Im orientalisch anmutenden Salon des charmanten Hotels Metropole erholen sich die Spaziergänger vom Bummel durch die Gärten der Biennale, die im nächsten Jahr wieder geplant ist. Beim noblen Lunch auf der Dachterrasse des Hotels Danieli gleich nebenan oder beim Bummel durch das exklusive Kaufhaus Fondaco dei Tedeschi direkt an der Rialtobrücke kann man in Ruhe darüber nachdenken, ob es nicht sinnvoll wäre, ein paar schicke Gummistiefel zu erwerben: für acqua alta, das Hochwasser, mit dem in dieser Jahreszeit immer zu rechnen ist. Mose, das brandneue Hochwasserschutzsystem, das seit Oktober in Betrieb ist, greift erst ab einer Wasserhöhe von 1.30 Meter…
Von November bis Januar, also vor dem Karneval, gehört Venedig fast nur den Venezianern, da genießen sie sogar eine Gondelfahrt durch die Kanäle, ein Lunch in Harrys Bar oder ein Dinner im Sterne-Restaurant Quadri am Markusplatz, durchaus bekannte Attraktionen, die jedoch in einem Venedig fast ohne Touristen wieder ihren ganz besonderen Charme zurückgewinnen. Ohne lange Vorreservierungen bekommt man in dieser Zeit auch einen Platz in traditionellen Feinschmecker- Restaurants wie der eleganten Trattoria Do Forni mit Orient Express-Ambiente oder im Antico Martini direkt am Gran Teatro La Fenice. Für ‚un ombra de vin‘, das Glas Wein in einem bacero, der kleinen Bar, treffen die Venezianer sich am liebsten in der Gegend rund um Rialto; im Restaurant Bancogiro sind die Tische besonders nach dem Marktbesuch heiß begehrt. Wer nach langen Spaziergängen auf höchstem Niveau relaxen möchte, bucht eines der Signature Treatments im Spa des noblen Aman Venice, dem Hotel, in dem George Clooney geheiratet hat, probiert die neuen Beauty-Produkte und nimmt einen Kaffee oder Cocktail im Garten, der direkt am Canal Grande liegt.

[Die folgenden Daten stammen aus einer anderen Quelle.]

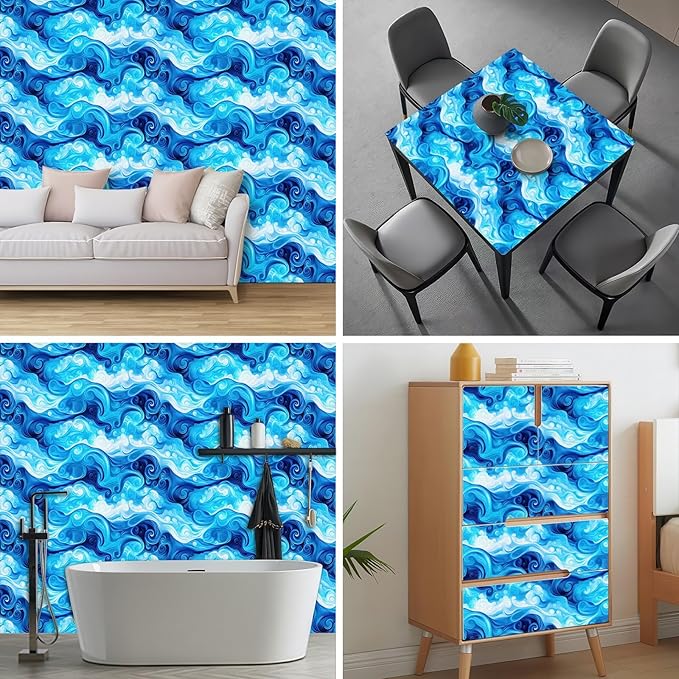 HOMETITUTE Artistic Blue Swirl Wave Pattern Wallpaper Peel and Stick Contact - Image 8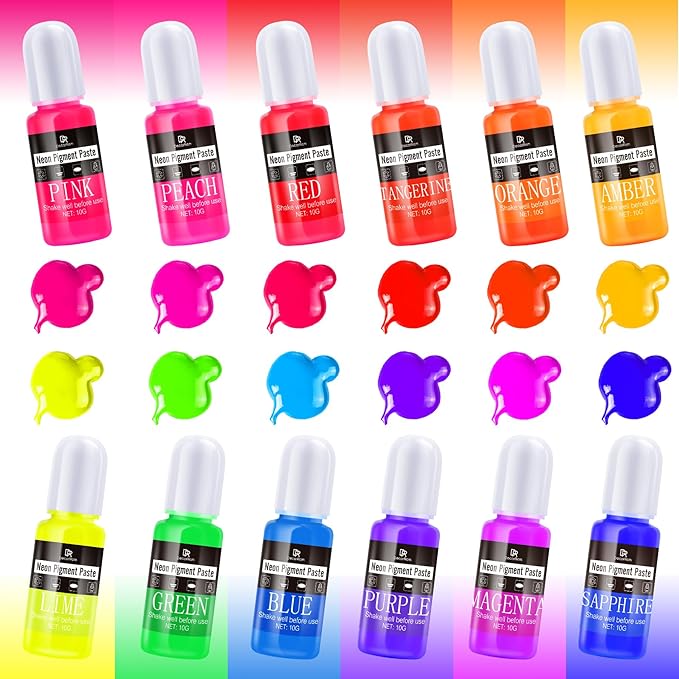 Neon Pigment Paste, 12 Colors Pigment Paste for Epoxy Resin, Opaque Resin Pigment, Vibrant Color Easily Mix for Making Jewelry, Bath Bombs, Soap, Candles, Halloween Themes, Nail Art, Slime/Coasters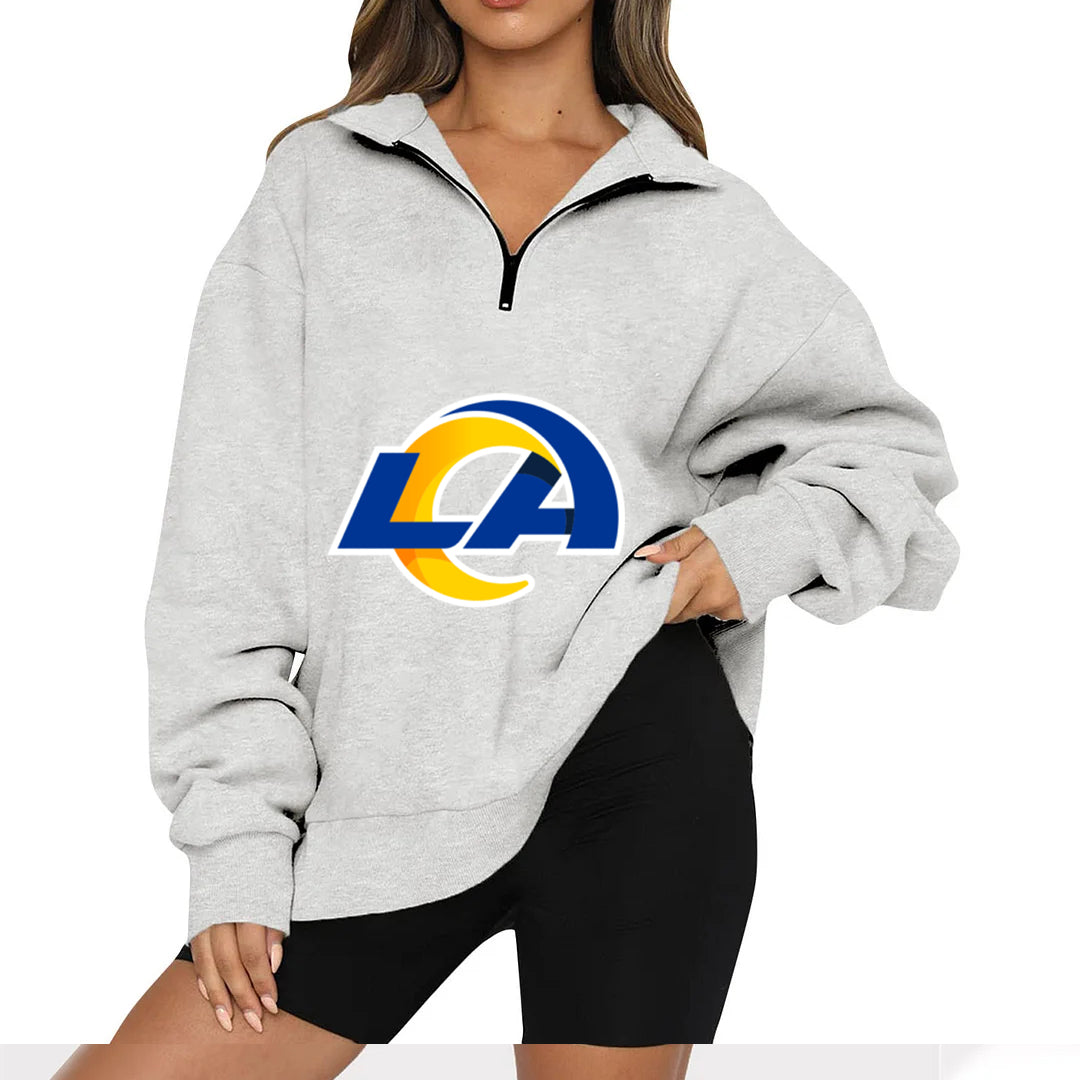 New Ladies Sports Leisure Lapel Zipper Sweatshirt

Der Blick auf die Hauptverkehrsader der Stadt gehört zu jeder Tages- und Jahreszeit zu den faszinierendsten Momenten eines Venedig-Besuchs. Das gilt ganz besonders für die Zeit, in der Venedig aus seinem Dornröschenschlaf erwacht, um sich von einer sanft dahin dösenden Prinzessin in eine Königin des Karnevals zu verwandeln. In der Zeit der Commedia dell‘arte, der Blütezeit der Maskerade im 18. Jahrhundert, als die Bevölkerung der Serenissima verkehrte Welt spielte, die Masken Standesunterschiede vermischten und die schöne Illusion den harten Alltag verdrängen sollte, dauerte der Karneval mehrere Monate. 1797 setzte Napoleon nicht nur der Republik Venedig, sondern auch dem närrischen Treiben ein Ende. 1979 ließ die Stadtverwaltung die alte Tradition dann wieder aufleben, allerdings nur für zehn Tage. Der Karneval 2020 musste wegen Corona zwei Tage früher beendet werden. Was dieses Jahr wird, steht noch in den Sternen.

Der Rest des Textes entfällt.